| Work item |
Would you output the listing exactly, with every image omitted?

| Input data |
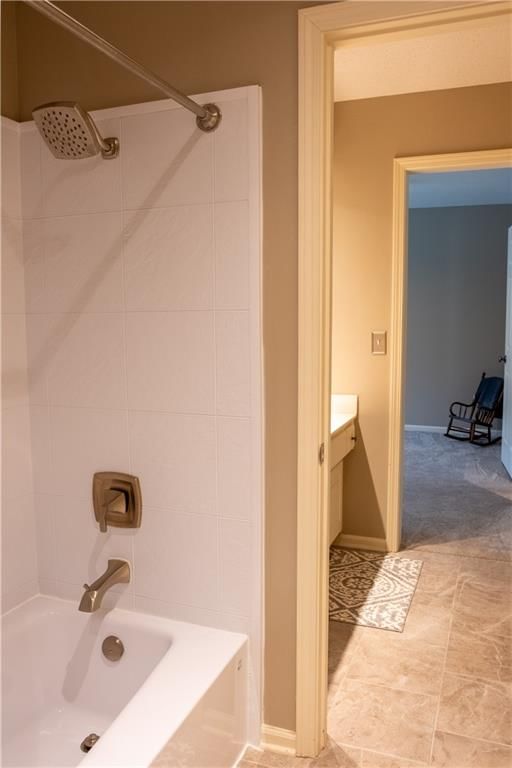 5537 Alden Street — photo 35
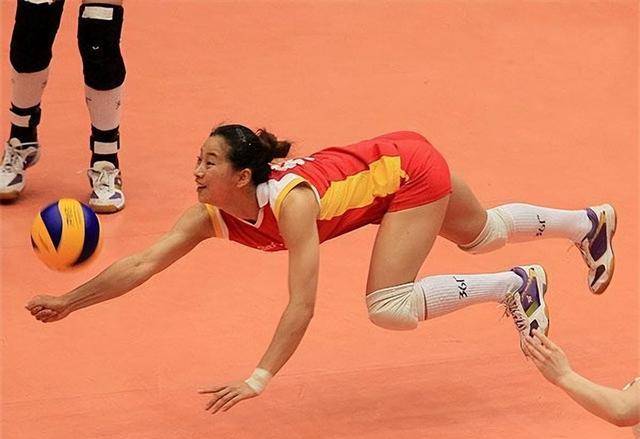 前女排国手王茜近况:嫁2米篮球硬汉继承父业,与儿子亲亲太幸福_父亲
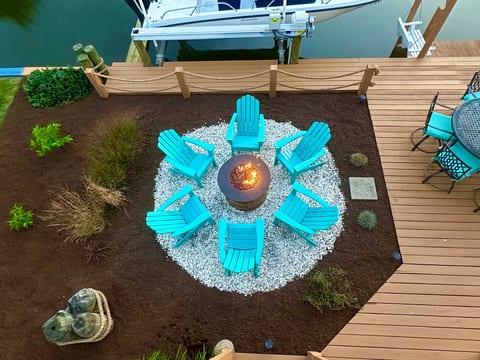 Waterfront, Dock, Fire Pit, 7th house to the Beach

| Output below |
 5537 Alden Street — photo 35
 前女排国手王茜近况:嫁2米篮球硬汉继承父业,与儿子亲亲太幸福_父亲
 Waterfront, Dock, Fire Pit, 7th house to the Beach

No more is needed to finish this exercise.